Electro-optic materials are those whose optical properties change in accordance with the strength of an electric field established within them. These materials make possible an electrically controlled electro-optic modulator for use in a light valve array.
One well known form of electro-optic modulators are total internal reflection (TIR) modulators which can be employed in laser-based imaging systems for example. FIGS. 1A and 1B schematically show plan and side views of a conventional TIR modulator 10 comprising a member 12 which includes an electro-optic material and a plurality of electrodes 15 and 16 arranged in an interdigitated relationship on a surface 18 of member 12. Surfaces 20 and 22 are arranged to cause input radiation 25 to refract and undergo total internal reflection at surface 18.

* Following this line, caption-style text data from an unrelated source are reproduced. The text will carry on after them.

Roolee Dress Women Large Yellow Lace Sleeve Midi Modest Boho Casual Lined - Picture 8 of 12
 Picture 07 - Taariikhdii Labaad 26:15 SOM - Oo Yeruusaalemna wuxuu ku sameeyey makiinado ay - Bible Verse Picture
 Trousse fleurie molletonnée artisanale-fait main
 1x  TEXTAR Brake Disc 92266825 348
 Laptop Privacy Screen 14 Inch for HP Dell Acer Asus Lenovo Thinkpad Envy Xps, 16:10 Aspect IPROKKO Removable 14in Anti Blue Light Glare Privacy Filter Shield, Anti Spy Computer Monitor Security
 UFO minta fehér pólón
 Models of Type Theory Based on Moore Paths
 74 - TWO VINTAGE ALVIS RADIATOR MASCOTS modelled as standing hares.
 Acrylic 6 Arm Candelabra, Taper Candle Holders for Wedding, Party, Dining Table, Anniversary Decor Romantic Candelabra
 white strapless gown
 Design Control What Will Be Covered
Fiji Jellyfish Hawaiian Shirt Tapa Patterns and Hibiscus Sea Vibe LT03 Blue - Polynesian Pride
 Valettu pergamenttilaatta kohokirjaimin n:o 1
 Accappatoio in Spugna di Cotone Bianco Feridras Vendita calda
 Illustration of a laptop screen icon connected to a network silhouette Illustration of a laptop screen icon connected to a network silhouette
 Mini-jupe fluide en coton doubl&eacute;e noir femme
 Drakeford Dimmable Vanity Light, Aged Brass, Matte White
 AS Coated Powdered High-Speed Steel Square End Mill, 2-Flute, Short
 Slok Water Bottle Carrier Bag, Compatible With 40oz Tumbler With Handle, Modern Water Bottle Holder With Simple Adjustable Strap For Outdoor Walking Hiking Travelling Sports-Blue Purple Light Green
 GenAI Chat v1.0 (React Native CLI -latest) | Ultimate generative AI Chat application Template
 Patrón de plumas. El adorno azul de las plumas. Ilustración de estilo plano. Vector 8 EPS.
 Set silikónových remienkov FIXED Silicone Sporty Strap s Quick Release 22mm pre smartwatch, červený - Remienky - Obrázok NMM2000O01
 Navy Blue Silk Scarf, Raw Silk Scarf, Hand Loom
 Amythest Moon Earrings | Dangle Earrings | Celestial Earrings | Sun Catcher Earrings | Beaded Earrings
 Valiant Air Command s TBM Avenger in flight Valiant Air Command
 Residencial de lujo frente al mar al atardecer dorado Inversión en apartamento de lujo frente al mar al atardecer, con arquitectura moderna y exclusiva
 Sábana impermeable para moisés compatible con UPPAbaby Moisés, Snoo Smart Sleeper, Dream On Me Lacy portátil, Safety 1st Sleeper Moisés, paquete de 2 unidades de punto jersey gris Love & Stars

In this typical conventional configuration, various electrodes 15 and 16 are grouped into electrode groups S1, S2, S3, S4 . . . Sn which are collectively referred to as electrode groups S. Each of the electrodes 15 in each of the groups are driven with a corresponding one of individually addressable voltages sources V1, V2, V3, V4 . . . Vn which are operated in accordance with various image data signals. To simplify interconnect and driver requirements, all electrodes 16 are interconnected to a common source (e.g. a ground potential). In this case, electrodes 16 are coupled in a serpentine fashion among all the electrode groups S.
Upon the application of a suitable voltage by one of the voltage sources V1, V2, V3, V4 . . . Vn to an associated one of the electrode groups S1, S2, S3, S4 . . . Sn, an electric field is established in a portion of the of the electro-optic material referred to as a pixel region 11 (i.e. shown in broken lines). In this regard, an electrode group S is associated with each pixel region 11. FIG. 1B shows that each pixel region 11 includes a portion of surface 18 that is impinged by radiation 25.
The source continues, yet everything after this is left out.